**Your instructions:** Please transcribe exactly the line that holds "Parcela Rústica 8500" and all lines that follow it to the end of the records below, omitting any pictures.

[Scraped caption text data]

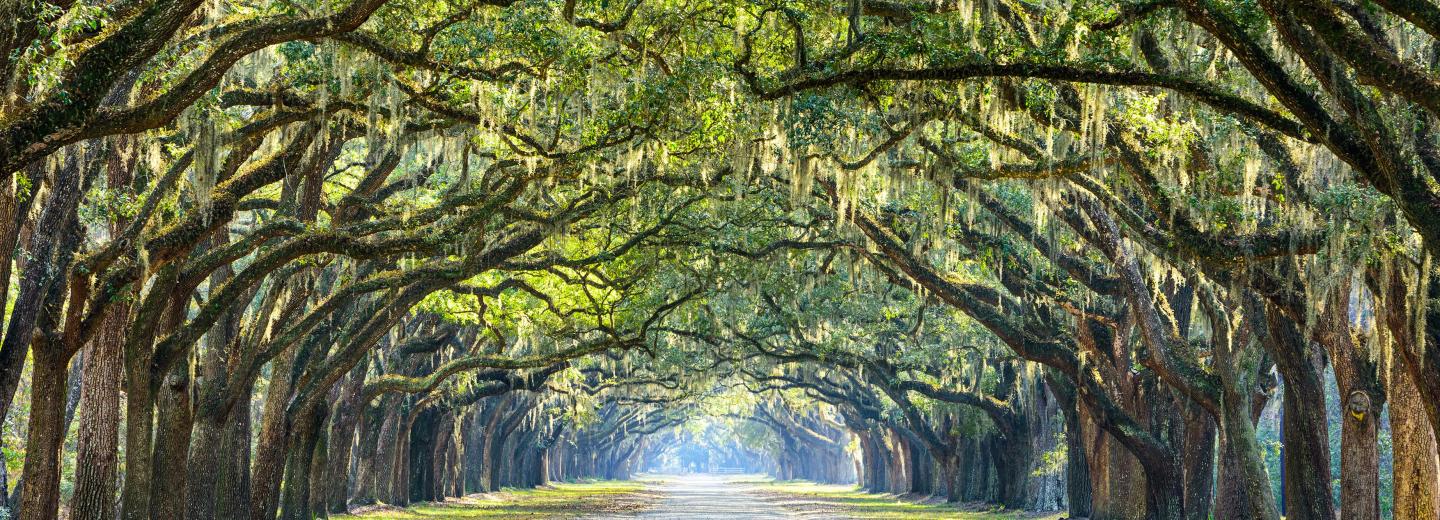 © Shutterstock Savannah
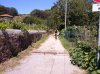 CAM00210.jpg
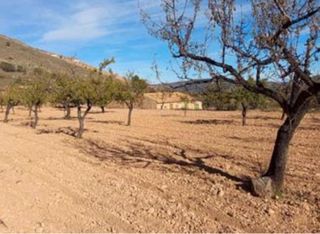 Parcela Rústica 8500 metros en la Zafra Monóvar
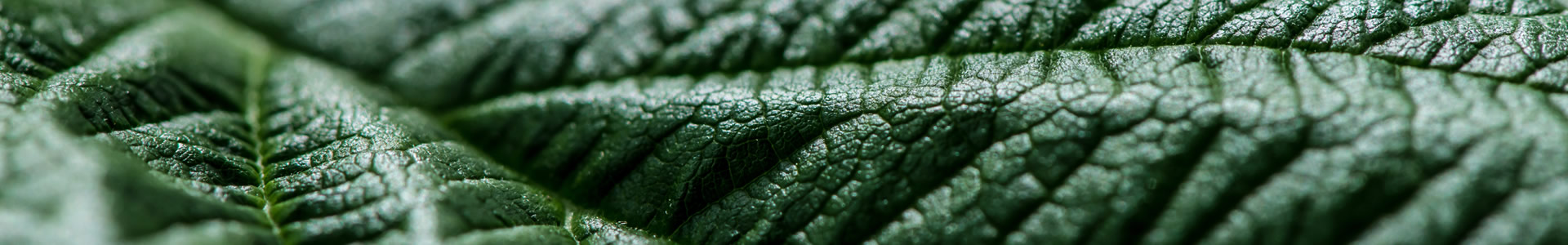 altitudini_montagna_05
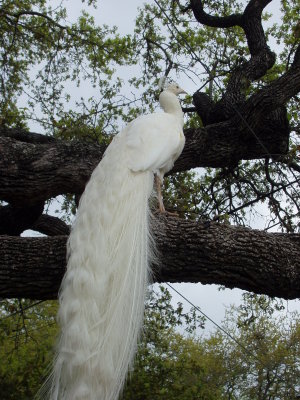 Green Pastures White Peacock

**Solution:**
 Parcela Rústica 8500 metros en la Zafra Monóvar
 altitudini_montagna_05
 Green Pastures White Peacock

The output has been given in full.